3. There’s an unattached plan. This type of investor values both a game plan and flexibility. They know life throws curveballs and no prior decade in hindsight remotely matches how they projected. Their goal keeps them moving each day, but they aren’t married to it. They see the value and pattern to life: order, disorder, reorder, no matter how chaotic. Not everything needs defined, but they do need to be directionally accurate.
4. Their expectations don’t continually increase. Happy investors experience ‘radical gratitude’. Increasingly, the ordinary is just as awe-inspiring as something typically labeled breathtaking. Because of this, spending less than they earn comes naturally. Keeping the goalposts from moving is a hard one. In practice, automation is their friend. Salary deferrals, automatic savings plans, committed savings plans for variable compensation, etc. But to remain happy as a long-term investor, all signs point back towards making peace with the ordinary.

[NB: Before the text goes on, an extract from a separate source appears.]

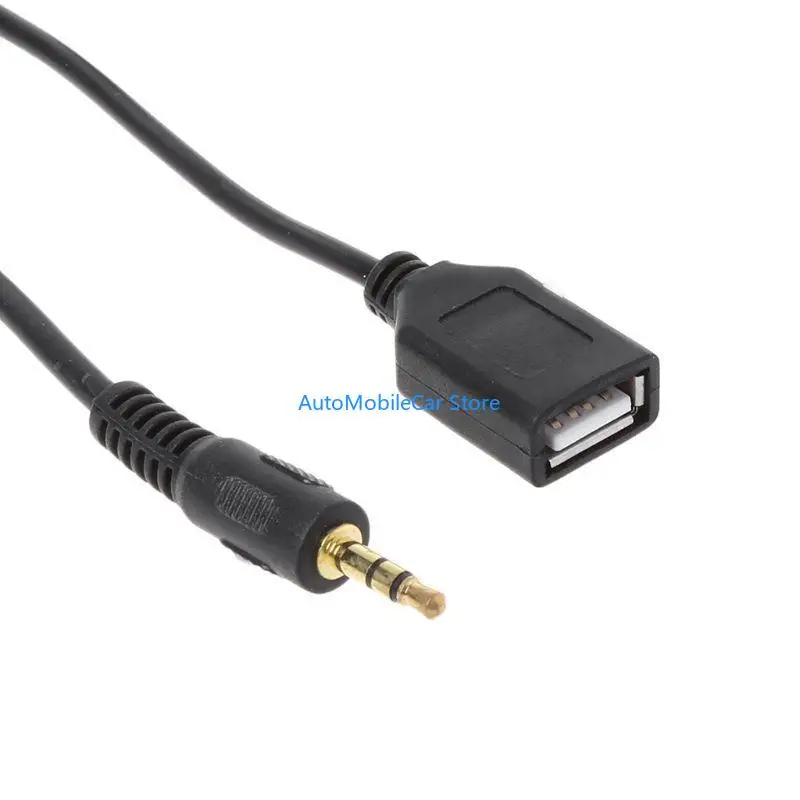 G8TE Durable Car Stereo Radio Plug Harness Radio Player Harness Connector Cable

5. They know why they’re striving for more. The hedonic treadmill eventually wins unless we’re clear (and comfortable) with our reasons for striving. Not to deny the instinctual acquiring trait: after all, we must acquire food and shelter. We might say accumulating has become apart of our evolutionary make-up. There’s a reason for their acquiring, however. Their things serve them, not the other way around. This requires serious personal inventory, or we become servants to accumulation and hoarding. The inventory process also never really ends.
6. The work they do is to spread love or remove barriers to love. If this is too wishy washy for you, here’s what it looks like in practice. What they do is secondary. How they do it is primary. Garbage pick-up, lawyer, investment banker, C-suite leadership – doesn’t matter. The focus is on being a bridge, and in so doing, their colleagues, employers, and customers reward them.
7. They show their family the same patience they gave to the people who paid them and work for them. At day’s end, the people who provide them unconditional support aren’t taken for granted. The reward is a fuller life and not feeling like you’re on an island during professional and personal ebbs and flows. In practice, a small step towards patience for these investors is compassion. Before something goes dismissed as trivial or “other”, there’s at least one small pause to feel their support system’s discomfort.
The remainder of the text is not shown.